If a doctor advises you to take a fiber supplement, they can probably recommend an exact type and brand. In general, here is how you can choose the right fiber supplement, says Mongiu – and what to avoid.

  • Evaluate the type of fiber: Fiber supplements are derived from plants – such as psyllium, inulin, guargom, linseed or wheat extrinin – or from a synthetic source, such as methyl cellulose. Plant -based or naturally derived fibers is usually soluble fibers, which serves as a prebiotic and the health of intestinal bacteria and can support the microbiome. In some, however, these can cause a bloated feeling and gasiness, so supplements based on methyl cellulose can be a better option for some people.
  • Consider the content: Search for fiber supplements with at least 3 to 5 grams of the nutrient per portion. Some can have a lower content and must therefore be taken several times a day, and others have a higher content for once a day dosage. As long as you plan to take a supplement once a day, it is probably best to select one with a higher amount of fiber to get the best effect.
  • Scan the ingredients: Avoid supplements with extra sugars or other additives. There are many forms of fiber supplements, including powders, gummies, crackers and cookies, and these sometimes contain unnecessary ingredients that can be harmful to your colon or overall health.
  • Search for proof of quality control: The American Food and Drug Administration does not control supplements as rigorous as medicines. However, third -party certifications can help classify these products. Search for United States Pharmacopeia (USP) or NSF seals to guarantee purity and quality.
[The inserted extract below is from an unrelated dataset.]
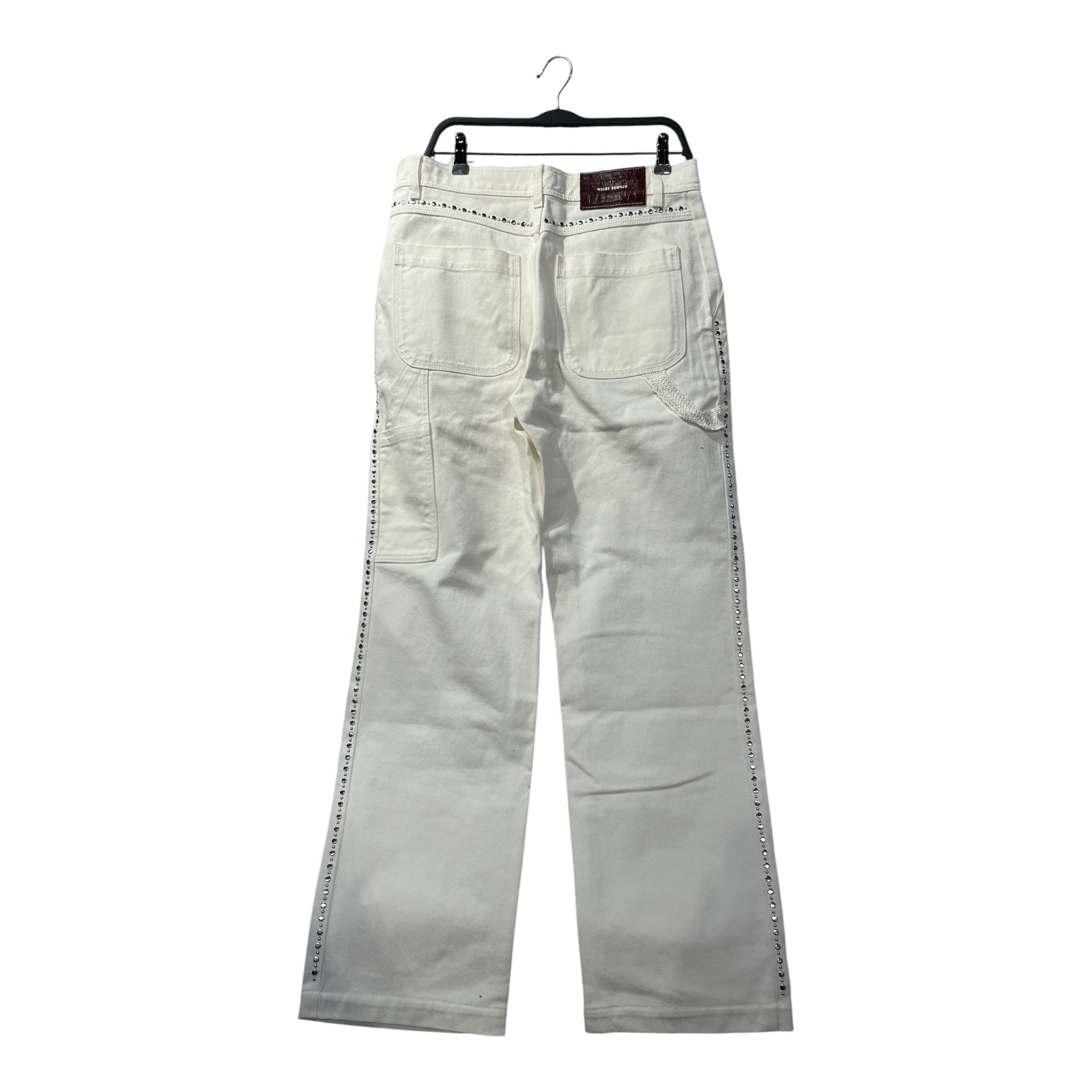 WALES BONNER/Carpenter Pants/32/Denim/WHT/side stud carpenter view 2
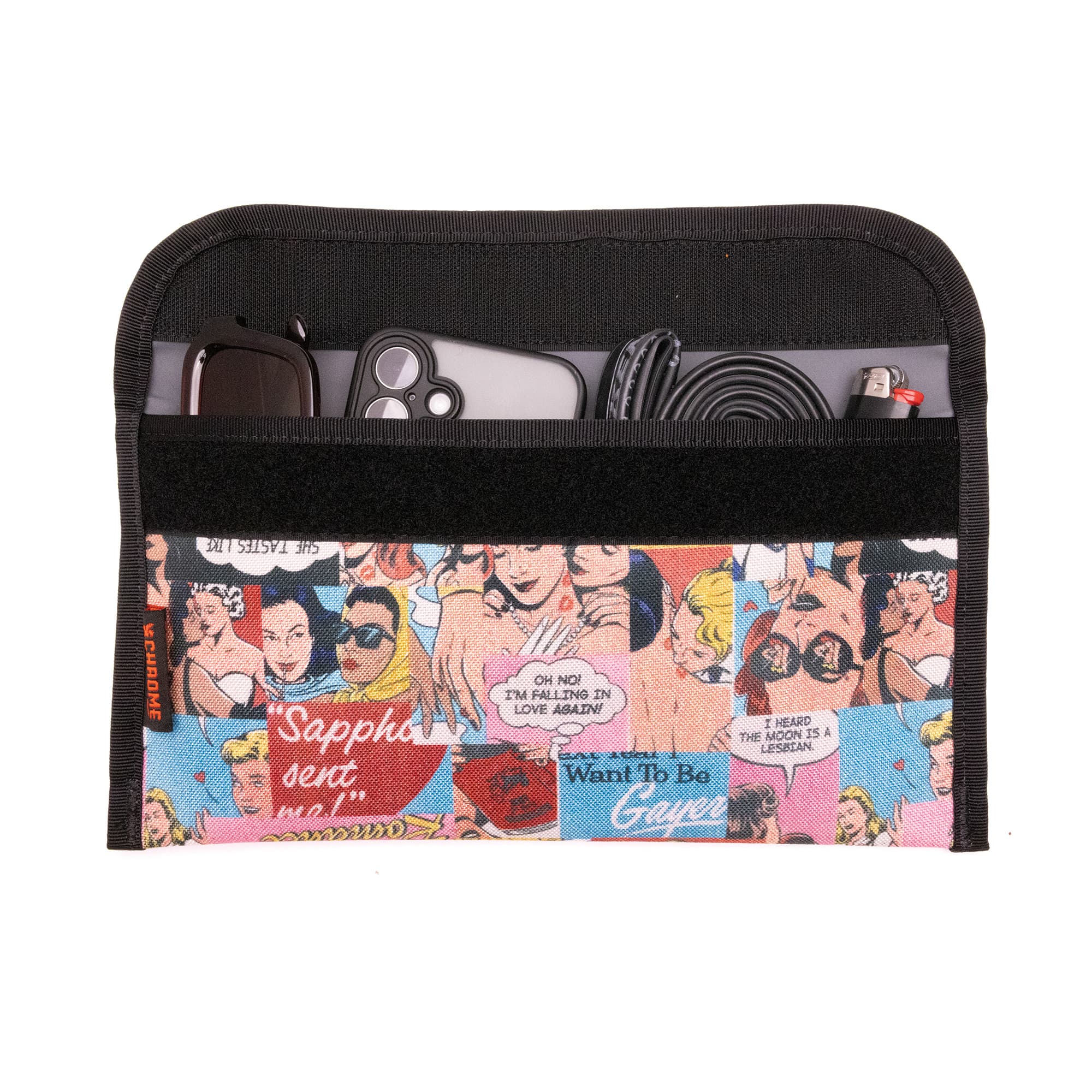 A pack out of the The Large Utility Pouch in the J Prince Pride print #color_j prince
Is it better to take a powder or a pill?

Many experts tend to the powder form. “Fiber powders are usually versatile because they can be mixed in water, smoothies or food, making it easier to consume a larger amount at the same time,” says Phillips. “They also often contain soluble fibers, which helps to regulate digestion and support intestinal health.” For some, fiber pills can be more convenient, but can contain smaller quantities of the nutrient per dose, which means that multiple pills can be needed to achieve the same advantage as a ball of powder.

Powder -shaped formulations also provide flexible dosage, so that you can determine exactly how much you get and whether you consume it in one or more doses, says Mongiu. Above all: “I tell my patients that the best fiber supplement is the one they want to take.”